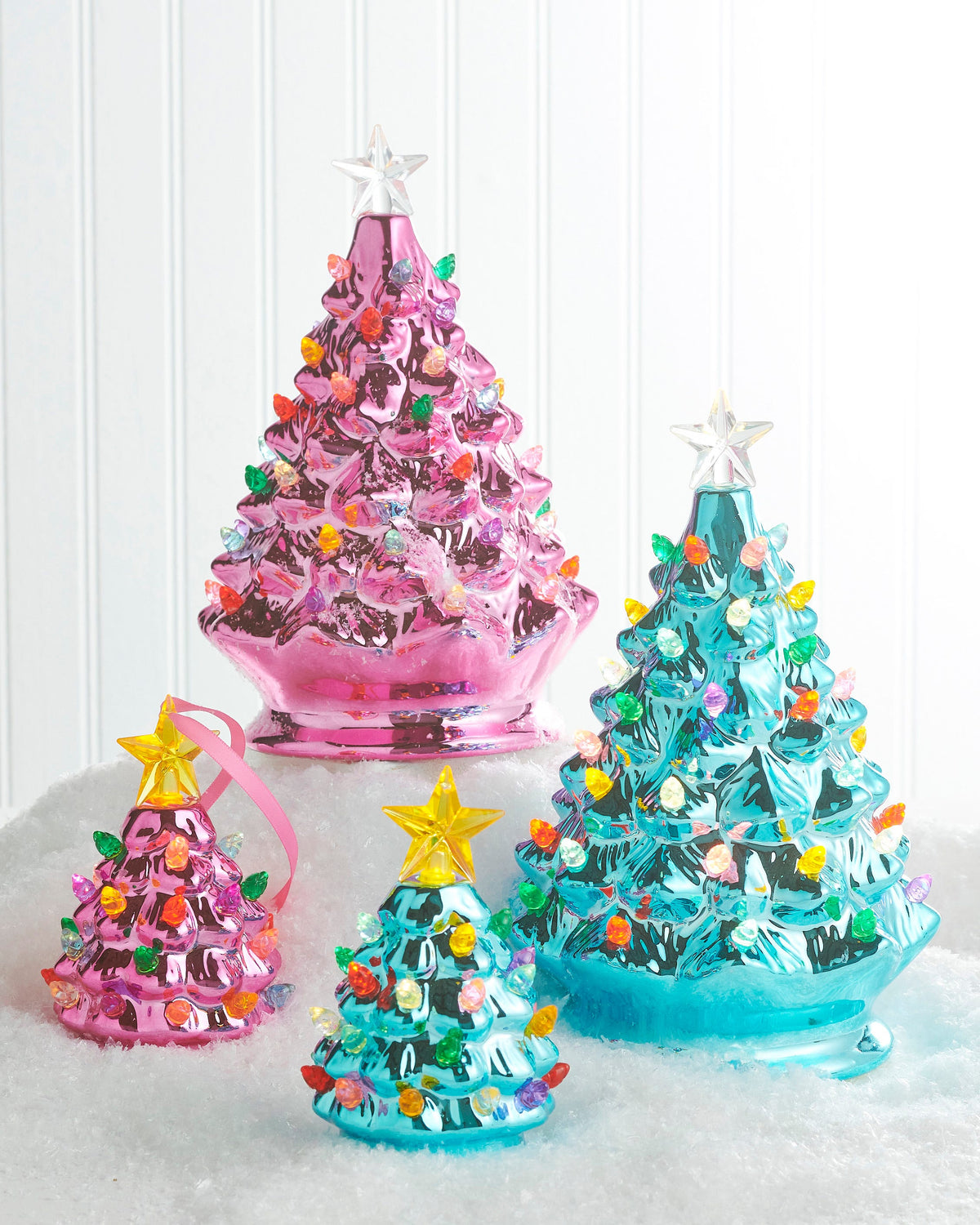 Metallic Blue Tree Lighted Ornament, A small teal blue metallic Christmas tree ornament with a gold star top and multicolor bead lights, hanging from a gold cord.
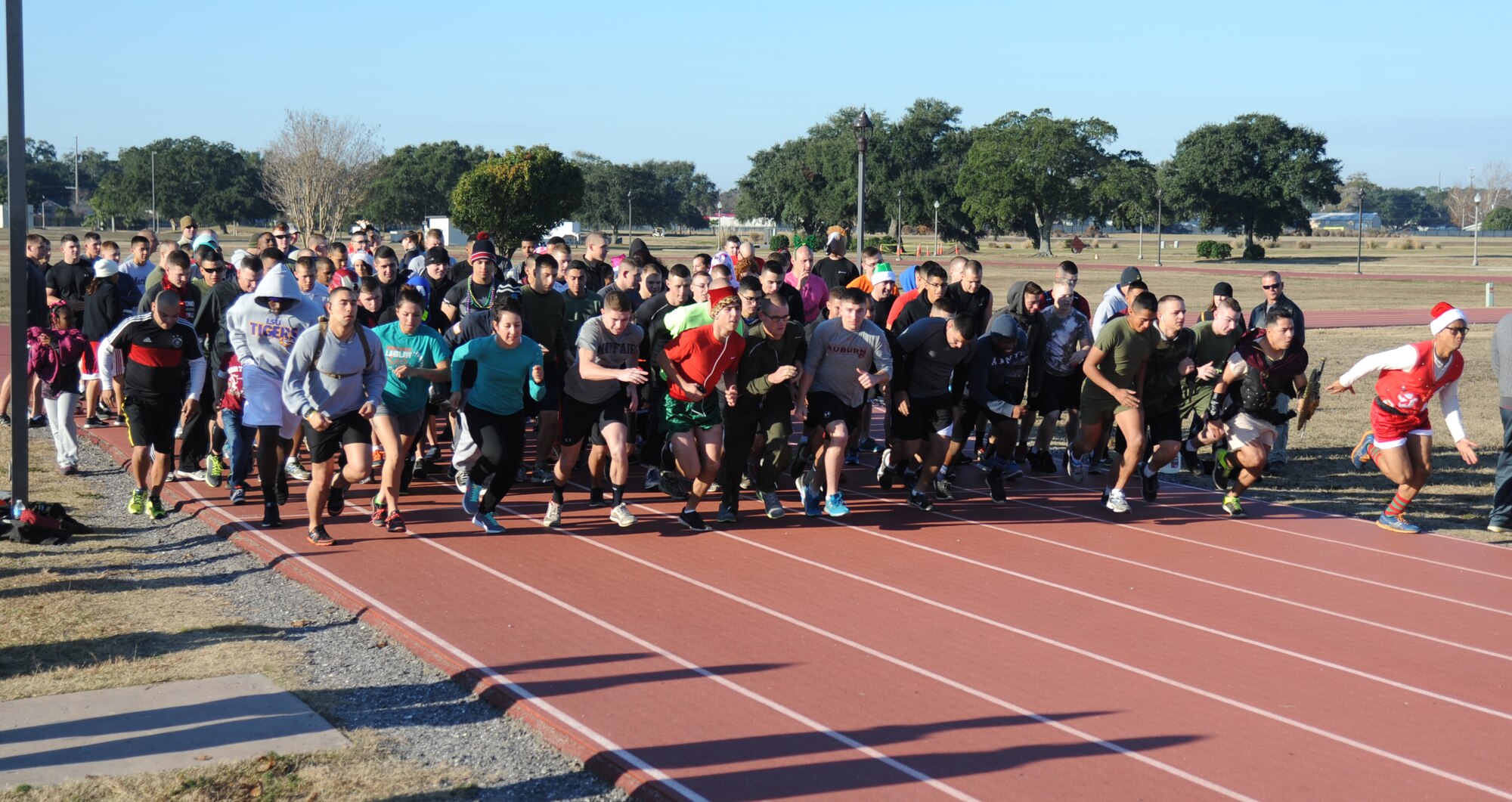 Approximately 160 Marines from the Keesler Marine Detachment begin a lap around the Triangle Track during a U.S. Marine Corps "Toys for Tots" Foundation fundraising event Dec. 13, 2014, at Keesler Air Force Base, Miss. More than 180 toys were collected for the community outreach event benefiting the Marine Corps "Toys for Tots" campaign. (U.S. Air Force photo by Kemberly Groue)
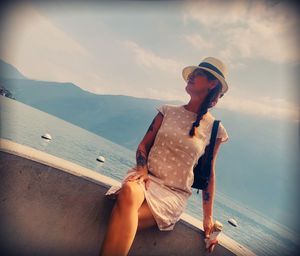 Young woman sitting on wood against sea against sky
+ + + + + + +
### WHAT THE EXERCISE ASKS
Output all the material above exactly once more, leaving every picture out.

### ANSWER SECTION
 Metallic Blue Tree Lighted Ornament, A small teal blue metallic Christmas tree ornament with a gold star top and multicolor bead lights, hanging from a gold cord.
 Approximately 160 Marines from the Keesler Marine Detachment begin a lap around the Triangle Track during a U.S. Marine Corps "Toys for Tots" Foundation fundraising event Dec. 13, 2014, at Keesler Air Force Base, Miss. More than 180 toys were collected for the community outreach event benefiting the Marine Corps "Toys for Tots" campaign. (U.S. Air Force photo by Kemberly Groue)
 Young woman sitting on wood against sea against sky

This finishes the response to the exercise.